Ich möchte in einer Gesellschaft leben, die…
Ich möchte in einer Gesellschaft leben, die…
… in allen Fragen, die den Schutz und die Sicherheit ihrer Mitglieder betreffen, moralisch-ethisch Kriterien heranzieht – und nicht utilitaristische, relativistische oder gar monetaristische[8]. Mit anderen Worten: “Die Würde des Menschen ist unantastbar” – und die Menschenwürde des einen darf niemals und unter keinen Umständen gegen die Menschenwürde einer anderen aufgerechnet werden.
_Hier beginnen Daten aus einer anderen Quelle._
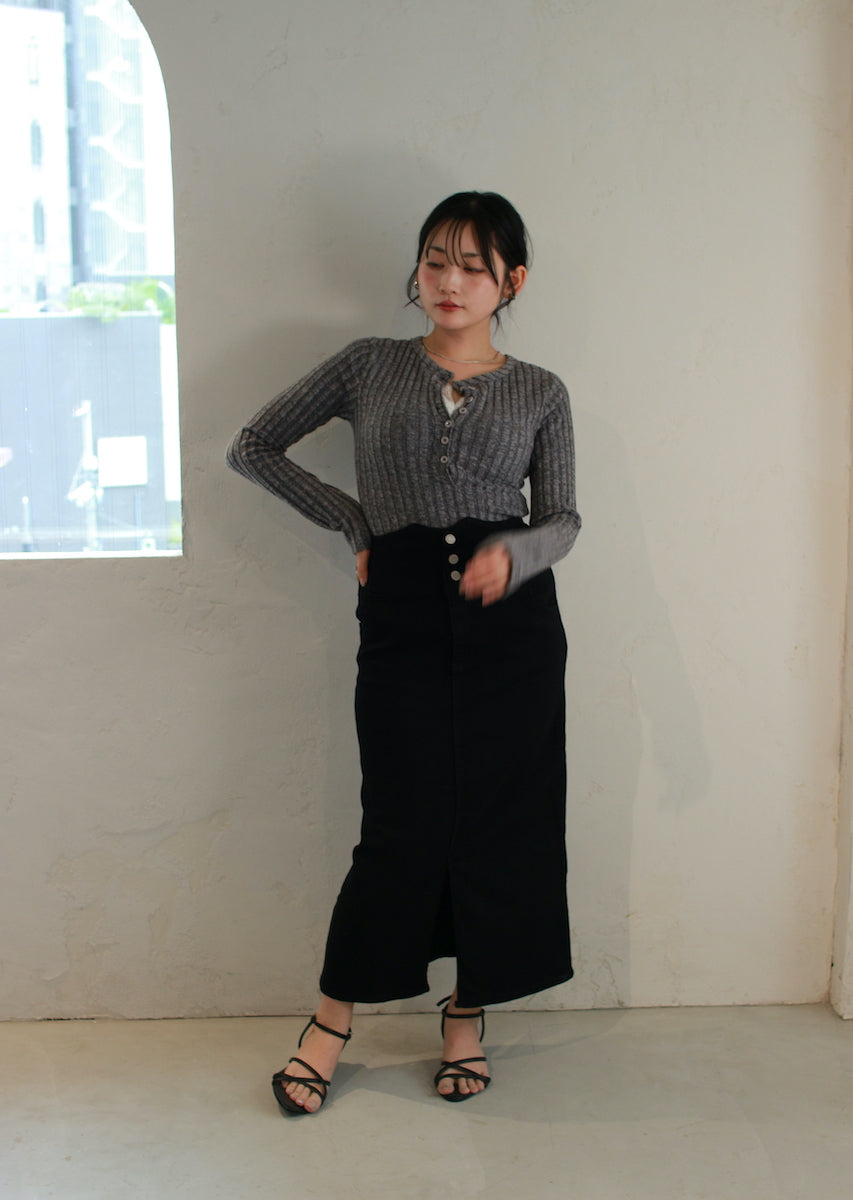 フェイクレースキャミ付トップス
Dass wir als Gesellschaft in diesem Sinne handeln können, haben wir in dieser Krise erlebt – das kann und sollte uns gemeinsam stärker machen.
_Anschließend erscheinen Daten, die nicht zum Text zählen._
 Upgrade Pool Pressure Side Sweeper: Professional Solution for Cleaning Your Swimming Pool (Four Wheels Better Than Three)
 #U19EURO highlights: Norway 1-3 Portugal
… allen ihren Mitgliedern einen möglichst großen Freiraum gibt, um die jeweils für sie passende Balance zwischen Arbeit und Freizeit, Familien, Freunden und Zeit für sich selbst, Konsum und Genügsamkeit, Bewegung und Ruhe, Engagement und Zurückhaltung zu finden. Oder auch: “Jeder hat das Recht auf die freie Entfaltung seiner Persönlichkeit, soweit er nicht die Rechte anderer verletzt […]”. Dass hier vieles anders laufen kann als in der Vergangenheit, haben wir beispielsweise beim Thema “Home Office” gerade gelernt, bei dem auch hartnäckige Skeptiker*innen plötzlich eine Kehrtwende vollzogen haben. Wir sehen aber auch, dass viele Menschen in dieser Krise in plötzliche Existenznöte geraten – und dass andere für die harte und wichtige Arbeit, die sie für uns leisten, in keiner Weise angemessen entlohnt werden. Vielleicht kann uns dies ein Anstoß sein, über Grundeinkommensmodelle nachzudenken? Oder / und darüber, wie wir den Beitrag einzelner zu unserer Gesellschaft materiell und immateriell bewerten? Hier wünsche ich mir einen breiten Austausch und viele kreative Ideen.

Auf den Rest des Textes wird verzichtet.